The Digital Production Partnership (DPP) has unveiled a major industry report, The Bloodless Revolution: A Guide to Smoother Digital Workflows in Television. The report is the first published guidance on digital workflows to be issued on behalf of ITV, Channel 4 and the BBC. It seeks to help producers and suppliers achieve a smoother transition to fully digital production.

The new guide follows the publication of the DPP’s report on breaking down the barriers to digital production The Reluctant Revolution, September 2011. One of the claims made in the first report was that the pace of change in the industry was held back by a lack of commonly agreed ways of working. It observed that greater guidance is needed if the industry is to complete its move from tape-based to file-based production.

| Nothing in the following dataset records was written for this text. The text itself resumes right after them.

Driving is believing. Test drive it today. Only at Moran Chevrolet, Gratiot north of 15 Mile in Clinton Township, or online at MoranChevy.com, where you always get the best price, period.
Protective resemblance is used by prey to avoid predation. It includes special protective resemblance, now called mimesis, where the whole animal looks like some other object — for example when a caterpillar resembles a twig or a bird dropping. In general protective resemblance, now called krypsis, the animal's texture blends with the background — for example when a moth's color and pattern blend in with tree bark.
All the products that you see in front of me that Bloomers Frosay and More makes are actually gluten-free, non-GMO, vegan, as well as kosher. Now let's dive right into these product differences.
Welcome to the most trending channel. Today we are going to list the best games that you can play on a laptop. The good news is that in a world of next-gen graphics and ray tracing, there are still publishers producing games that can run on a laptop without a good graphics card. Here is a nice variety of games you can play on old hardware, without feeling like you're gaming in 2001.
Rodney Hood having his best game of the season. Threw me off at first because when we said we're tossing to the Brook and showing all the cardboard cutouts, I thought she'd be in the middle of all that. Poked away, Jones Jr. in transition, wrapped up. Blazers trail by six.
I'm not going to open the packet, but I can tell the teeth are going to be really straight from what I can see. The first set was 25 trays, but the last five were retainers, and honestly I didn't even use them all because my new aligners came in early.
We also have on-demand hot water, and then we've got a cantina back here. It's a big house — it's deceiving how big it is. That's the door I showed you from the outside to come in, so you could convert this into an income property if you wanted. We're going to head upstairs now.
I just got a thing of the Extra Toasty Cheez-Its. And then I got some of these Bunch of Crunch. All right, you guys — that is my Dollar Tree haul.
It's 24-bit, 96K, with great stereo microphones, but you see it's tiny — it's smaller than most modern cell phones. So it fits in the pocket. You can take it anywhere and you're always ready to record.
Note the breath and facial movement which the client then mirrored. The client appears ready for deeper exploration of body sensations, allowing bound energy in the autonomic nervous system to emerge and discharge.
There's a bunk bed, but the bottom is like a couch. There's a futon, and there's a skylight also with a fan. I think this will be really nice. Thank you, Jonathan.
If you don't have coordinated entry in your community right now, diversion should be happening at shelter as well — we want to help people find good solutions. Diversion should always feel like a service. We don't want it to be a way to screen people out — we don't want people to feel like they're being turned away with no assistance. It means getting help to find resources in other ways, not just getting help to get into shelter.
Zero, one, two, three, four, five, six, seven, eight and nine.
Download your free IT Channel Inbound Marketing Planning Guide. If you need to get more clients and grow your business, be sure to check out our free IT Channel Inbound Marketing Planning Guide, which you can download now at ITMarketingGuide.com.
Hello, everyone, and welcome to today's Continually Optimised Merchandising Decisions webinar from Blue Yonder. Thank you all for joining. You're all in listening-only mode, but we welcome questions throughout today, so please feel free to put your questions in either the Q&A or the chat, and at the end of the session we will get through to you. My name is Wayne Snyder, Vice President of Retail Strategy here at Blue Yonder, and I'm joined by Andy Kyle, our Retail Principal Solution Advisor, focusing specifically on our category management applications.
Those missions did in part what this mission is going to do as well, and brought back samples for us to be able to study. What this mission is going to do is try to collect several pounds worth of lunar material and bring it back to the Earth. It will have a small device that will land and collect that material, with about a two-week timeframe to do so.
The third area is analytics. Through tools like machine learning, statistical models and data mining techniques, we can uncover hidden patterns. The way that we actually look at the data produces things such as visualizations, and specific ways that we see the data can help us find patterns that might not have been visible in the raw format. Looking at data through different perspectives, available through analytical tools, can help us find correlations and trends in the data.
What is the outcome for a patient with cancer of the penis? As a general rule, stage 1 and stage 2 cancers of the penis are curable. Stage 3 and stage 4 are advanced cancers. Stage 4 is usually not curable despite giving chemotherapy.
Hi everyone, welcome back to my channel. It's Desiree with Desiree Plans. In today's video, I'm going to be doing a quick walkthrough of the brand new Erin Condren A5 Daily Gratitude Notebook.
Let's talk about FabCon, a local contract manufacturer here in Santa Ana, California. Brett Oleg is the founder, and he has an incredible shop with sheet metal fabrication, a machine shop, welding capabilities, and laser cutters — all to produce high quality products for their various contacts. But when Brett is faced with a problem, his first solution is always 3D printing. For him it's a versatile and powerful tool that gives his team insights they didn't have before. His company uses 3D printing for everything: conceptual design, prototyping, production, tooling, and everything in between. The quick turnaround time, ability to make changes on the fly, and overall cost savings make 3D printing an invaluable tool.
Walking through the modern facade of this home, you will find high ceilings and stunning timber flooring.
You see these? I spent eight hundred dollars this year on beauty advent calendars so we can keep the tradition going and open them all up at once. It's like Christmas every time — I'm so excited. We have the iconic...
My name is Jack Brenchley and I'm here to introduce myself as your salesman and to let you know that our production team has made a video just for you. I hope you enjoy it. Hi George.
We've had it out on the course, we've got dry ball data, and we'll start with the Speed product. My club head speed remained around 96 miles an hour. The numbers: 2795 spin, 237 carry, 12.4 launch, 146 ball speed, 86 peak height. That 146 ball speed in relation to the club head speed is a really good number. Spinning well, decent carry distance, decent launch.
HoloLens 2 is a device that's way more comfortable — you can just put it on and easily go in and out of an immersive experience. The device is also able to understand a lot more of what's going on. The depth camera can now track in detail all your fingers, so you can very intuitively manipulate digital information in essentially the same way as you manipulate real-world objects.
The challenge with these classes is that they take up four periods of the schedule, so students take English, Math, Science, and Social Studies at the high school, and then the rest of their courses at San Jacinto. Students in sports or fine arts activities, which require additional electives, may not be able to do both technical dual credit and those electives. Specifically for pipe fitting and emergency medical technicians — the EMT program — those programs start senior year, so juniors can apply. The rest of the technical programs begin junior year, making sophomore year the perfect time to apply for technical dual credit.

The DPP’s new report now provides such guidance. It sets out to identify the smoothest, most efficient digital workflows for use with currently available technology, while providing sufficient background information to help maintain a view of the wider production landscape. It also identifies opportunities for collaboration, cost saving, and better creative outcomes.

The guide sets out a clear high level workflow as a framework for providing information, guidance and direction to digital production workflows. The overall process has been broken into four steps: planning – which covers the process up to the point of shooting, including the different conventions and practices that need to be adopted right at the outset; rushes management – which looks at the capture and handling of content on location or in studio up to the point of rushes archive and management; post production – which goes from the ingest of material for editing through to completion of the master: and delivery – the production of masters for delivery to broadcasters, clients or the audience.

The report was commissioned by the DPP from industry analysts MediaSmiths International. Its starting point was the views and experiences offered by dozens of attendees from all over the UK at the DPP’s regular industry forums.

From the outset ‘The Bloodless Revolution’ acknowledges that programme makers have no desire to see their world reduced to a series of workflows. Many may feel that by over-describing the process, the magic of television production will be driven out.

But the report goes on to offer a user-friendly map by which to navigate the potentially complex processes of file-based production – and in so doing offers a guide that, while first appearing analytical, is actually liberating.